■ What to work on: Copy nothing but the line with "this 360×247 image." and the lines that follow it to the end of the entries below, and keep the pictures out.

(Source data begins)

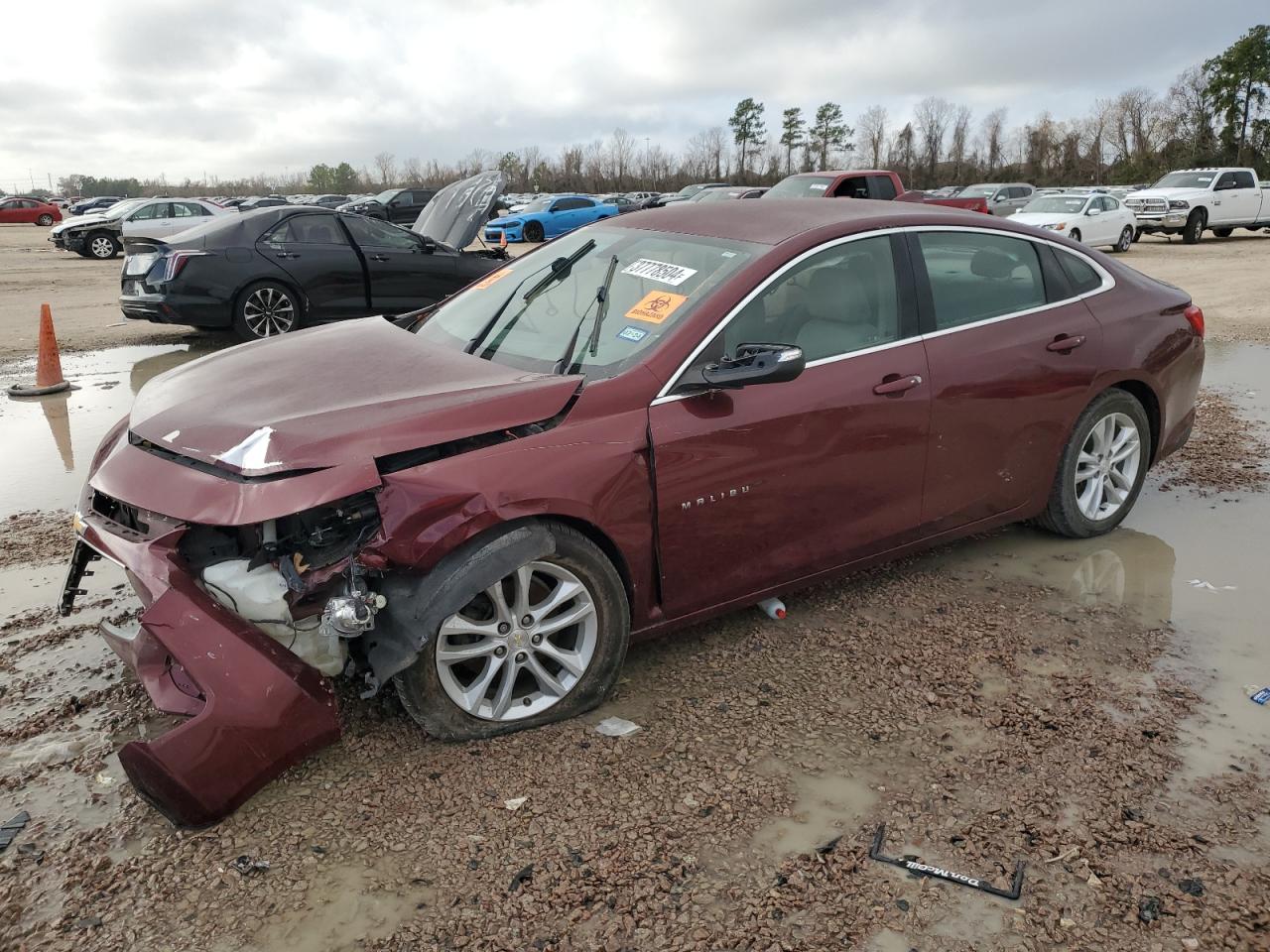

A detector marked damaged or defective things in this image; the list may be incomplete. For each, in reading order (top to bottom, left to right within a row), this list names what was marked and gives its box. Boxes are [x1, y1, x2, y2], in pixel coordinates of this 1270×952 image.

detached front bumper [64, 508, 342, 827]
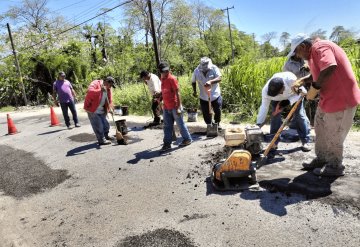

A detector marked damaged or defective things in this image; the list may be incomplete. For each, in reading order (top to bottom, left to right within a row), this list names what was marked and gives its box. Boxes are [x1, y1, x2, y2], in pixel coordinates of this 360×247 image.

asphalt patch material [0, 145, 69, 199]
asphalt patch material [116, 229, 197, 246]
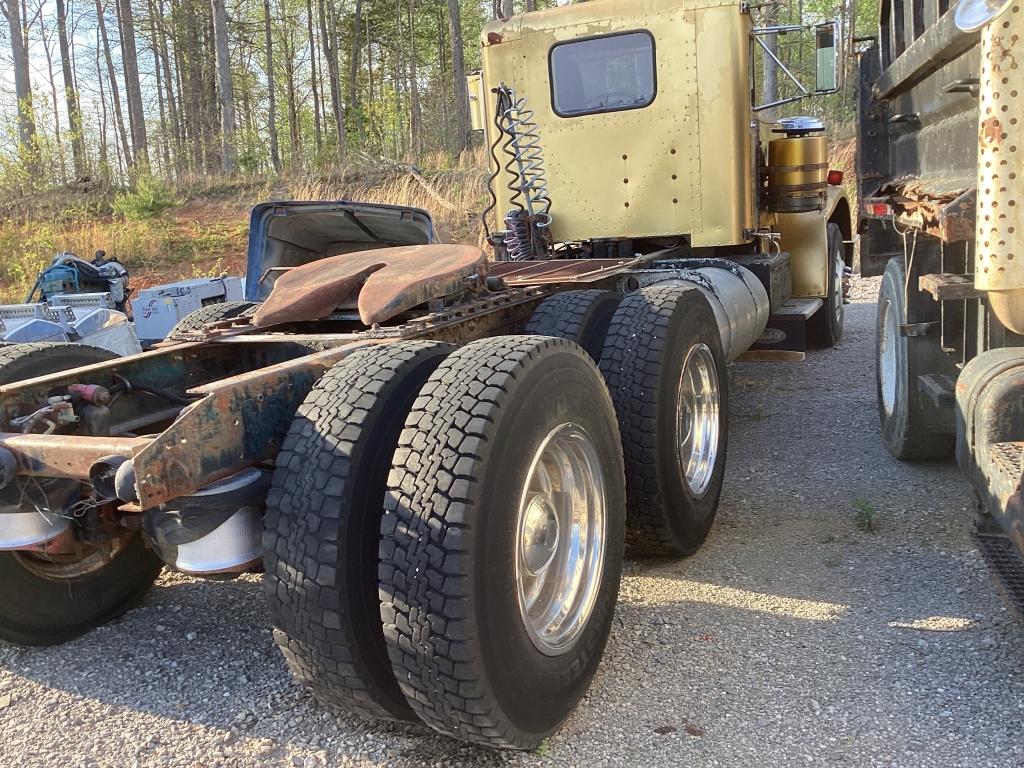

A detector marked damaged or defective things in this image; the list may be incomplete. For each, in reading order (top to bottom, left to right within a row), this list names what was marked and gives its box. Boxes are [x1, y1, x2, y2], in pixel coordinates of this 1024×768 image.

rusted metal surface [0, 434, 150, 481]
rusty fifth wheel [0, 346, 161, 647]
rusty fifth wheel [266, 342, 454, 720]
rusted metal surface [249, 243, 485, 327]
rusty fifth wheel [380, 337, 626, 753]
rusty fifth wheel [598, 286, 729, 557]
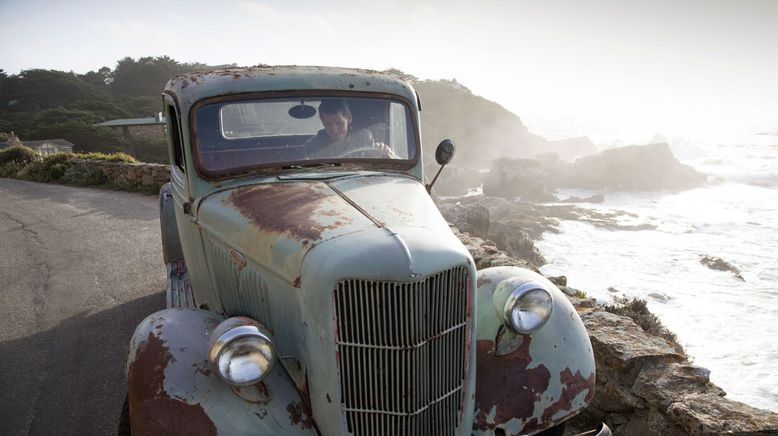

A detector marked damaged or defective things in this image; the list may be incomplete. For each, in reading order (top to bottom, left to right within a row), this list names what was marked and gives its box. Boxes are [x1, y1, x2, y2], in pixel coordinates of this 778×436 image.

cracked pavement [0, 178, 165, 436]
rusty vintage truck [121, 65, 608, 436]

(Source data ends)

■ Finished task:
A detector marked damaged or defective things in this image; the list may be incomplete. For each, in reading order (top to bottom, left to right within a row), this list names what was marked and gives its box. Boxes are [x1, y1, x2, y2], in pixel coordinates of this 360×247 image.

asphalt patch material [0, 145, 69, 199]
asphalt patch material [116, 229, 197, 246]

A detector marked damaged or defective things in this image; the list may be incomplete. For each, in reading order (top to bottom, left to right within a row), this list names what was marked and gives its box. Boxes are [x1, y1, x2, y2], in pixel coordinates of this 1024×768 image.

rusted metal surface [0, 434, 150, 481]
rusty fifth wheel [0, 346, 161, 647]
rusty fifth wheel [266, 342, 454, 720]
rusted metal surface [249, 243, 485, 327]
rusty fifth wheel [380, 337, 626, 753]
rusty fifth wheel [598, 286, 729, 557]

A detector marked damaged or defective things in this image; the list may be incomplete. For each, in reading order (top to bottom, left to right within a row), this list names what was marked and gives its box. Boxes are [x1, y1, x2, y2], in pixel coordinates of this 778×436 image.

cracked pavement [0, 178, 165, 436]
rusty vintage truck [121, 65, 608, 436]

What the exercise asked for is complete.